The opening words of Isaiah’s message reiterate an essential element in ascertaining spiritual understanding, that of belief.  The Divinely inspired words of Scripture demand either a positive or negative response from its hearers. The response of belief is faith in the content of the message based upon its source. Paul, writing to Timothy stated ... “All Scripture is God-breathed and is useful for teaching, rebuking, correcting and training in righteousness, so that the man of God may be thoroughly equipped for every good work” (2 Tim 3:16-17 NIV). 

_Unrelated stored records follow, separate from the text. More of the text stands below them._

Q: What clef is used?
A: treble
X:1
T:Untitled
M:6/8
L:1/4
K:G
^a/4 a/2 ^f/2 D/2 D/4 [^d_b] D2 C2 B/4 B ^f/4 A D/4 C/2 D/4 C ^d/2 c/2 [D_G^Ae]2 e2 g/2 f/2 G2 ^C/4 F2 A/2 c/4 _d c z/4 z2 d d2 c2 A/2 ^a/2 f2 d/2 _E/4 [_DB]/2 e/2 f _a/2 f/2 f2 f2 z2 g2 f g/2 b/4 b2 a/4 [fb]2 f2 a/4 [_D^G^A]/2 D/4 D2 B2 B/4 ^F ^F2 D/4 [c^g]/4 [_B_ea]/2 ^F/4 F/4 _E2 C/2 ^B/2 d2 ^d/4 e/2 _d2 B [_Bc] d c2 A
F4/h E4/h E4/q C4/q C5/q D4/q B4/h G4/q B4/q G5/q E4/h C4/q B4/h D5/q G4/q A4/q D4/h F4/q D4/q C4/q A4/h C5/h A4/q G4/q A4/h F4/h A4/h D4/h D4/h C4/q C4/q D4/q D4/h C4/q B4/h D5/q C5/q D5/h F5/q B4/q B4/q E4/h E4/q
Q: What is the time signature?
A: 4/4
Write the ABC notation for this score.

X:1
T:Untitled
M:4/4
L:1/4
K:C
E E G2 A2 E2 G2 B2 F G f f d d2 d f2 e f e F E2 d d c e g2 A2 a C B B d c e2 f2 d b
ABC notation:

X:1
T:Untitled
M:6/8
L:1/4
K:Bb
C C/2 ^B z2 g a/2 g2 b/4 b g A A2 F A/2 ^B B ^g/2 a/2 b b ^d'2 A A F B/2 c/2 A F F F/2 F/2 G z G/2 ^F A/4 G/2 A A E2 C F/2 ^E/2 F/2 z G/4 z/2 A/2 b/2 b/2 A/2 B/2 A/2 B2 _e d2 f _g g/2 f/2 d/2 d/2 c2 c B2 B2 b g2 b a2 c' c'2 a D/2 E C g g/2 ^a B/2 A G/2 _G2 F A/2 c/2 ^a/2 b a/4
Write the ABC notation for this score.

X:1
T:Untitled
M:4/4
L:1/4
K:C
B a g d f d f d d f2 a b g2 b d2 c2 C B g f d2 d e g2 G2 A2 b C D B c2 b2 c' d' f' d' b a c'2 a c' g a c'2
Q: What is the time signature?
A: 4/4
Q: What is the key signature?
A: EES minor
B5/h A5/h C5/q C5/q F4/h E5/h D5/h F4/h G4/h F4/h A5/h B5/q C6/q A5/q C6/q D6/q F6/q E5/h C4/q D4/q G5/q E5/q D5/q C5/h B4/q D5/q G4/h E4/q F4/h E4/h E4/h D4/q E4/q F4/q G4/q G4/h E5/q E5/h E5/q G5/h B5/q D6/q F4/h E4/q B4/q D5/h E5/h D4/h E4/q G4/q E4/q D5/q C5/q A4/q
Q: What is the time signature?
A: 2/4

Isaiah’s message merited belief because God was, through His prophet, revealing to the nation the coming and work of the Messiah.  Without that knowledge, it would be impossible for the people to recognize His appearing.  Thus Isaiah was given prophetic revelation to unveil a detailed portrait of Messiah’s work as the Suffering Servant.  He would accomplish a Work of reconciliation so that man could have relationship with God.  That could only occur through His sacrifice on the Cross as the Lamb of God.  By offering Himself as the only remedy for sin, He would fulfill that which was pictured by the thousands of sacrifices offered in the Temple. Those repeated sacrifices were symbolic of a future offering that would permanently remove sin as a barrier between God and man. 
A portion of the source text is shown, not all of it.